Meanwhile, Israeli leaders and US officials held their highest level talks yet on the Gulf crisis.

Last Thursday, President Bush telephoned Prime Minister Yitzhak Shamir for the first time since Aug. 2. Over the weekend, US Deputy Secretary of State Lawrence Eagleburger, held a series of consultations with Mr. Shamir and senior Cabinet ministers. The talks were thought to center on Israel's insistence that it will retaliate in the event of an Iraqi attack. Washington, which fears the defection of Arab allies if Israel enters the fray, is understood to have assured Israel that it will come to the country's defense.

But an official in the prime minister's office told Israel Radio that no agreement had been reached with the US on the issue of Israel's defense. On Sunday, press reports said Shamir reiterated his government's intention to look after itself. ``That's the way it's been,'' he reportedly told Cabinet colleagues, ``and that's the way it will be.''

And Defense Minister Moshe Arens publicly vowed to retaliate immediately if Iraq carried out its threat. ``If Israel is attacked we will reply.''

Ze'ev Schiff, Israel's senior defense correspondent, writing in Haaretz newspaper, said that the US and Israel lacked ``even minimal operational coordination.''

``Thus in the event that Israel is forced to defend itself against an Iraqi attack,'' Mr. Schiff wrote, ``there is a danger that Israelis and Americans may be harmed in the air during operations simply because they won't know if they've run into friend or foe.''

The civil defense campaign launched in the news media took many Palestinians by surprise. Following the airing of an Arabic-language program, giving details on how to protect your home, shops in Arab East Jerusalem quickly sold out of plastic sheeting and scotch tape.

Palestinians living in the Israeli-occupied West Bank and Gaza Strip have not yet received gas masks, and there are no signs that they will. Israeli officials have said they do not think the territories will be the target of gas attacks, but by the weekend Jewish settlers began to receive gas masks.

Meanwhile, Palestinian leaders have voiced concern at the prospect of an impending Israeli clampdown on the Palestinian intifadah (uprising).

Citing his own foreign and Israeli sources, leading Palestinian activist Faisal Husseini told a press conference that he knew of plans to evict large numbers of Palestinians while international attention was focused on the Gulf.
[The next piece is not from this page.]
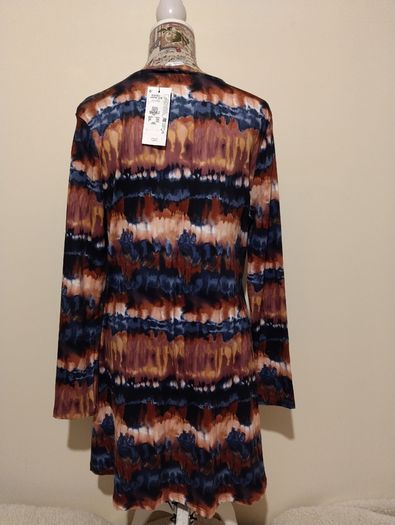 Beautiful Colourful Dress, New With Tags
``We believe that there will be a real possibility that extreme groups, inside the Israeli community and inside the Israeli forces, will implement such a thing,'' he said, adding that Jewish settlers might play a crucial role.

``We believe that if there will be a war, the Israeli authorities will announce closure of the [occupied territories],'' Mr. Husseini said. ``Then they will start dealing with the people there, far from the media, far from supervision from the international community.''

Security sources deny the existence of such plans, but several officials have warned Palestinians not to use the Gulf crisis as an excuse to escalate the three-year-old intifadah.

The Army's advocate general, Brig. Gen. Amnon Strashnow, said on Saturday that ``the laws of war will be applied'' if Palestinians attempt to obstruct the Army's operations.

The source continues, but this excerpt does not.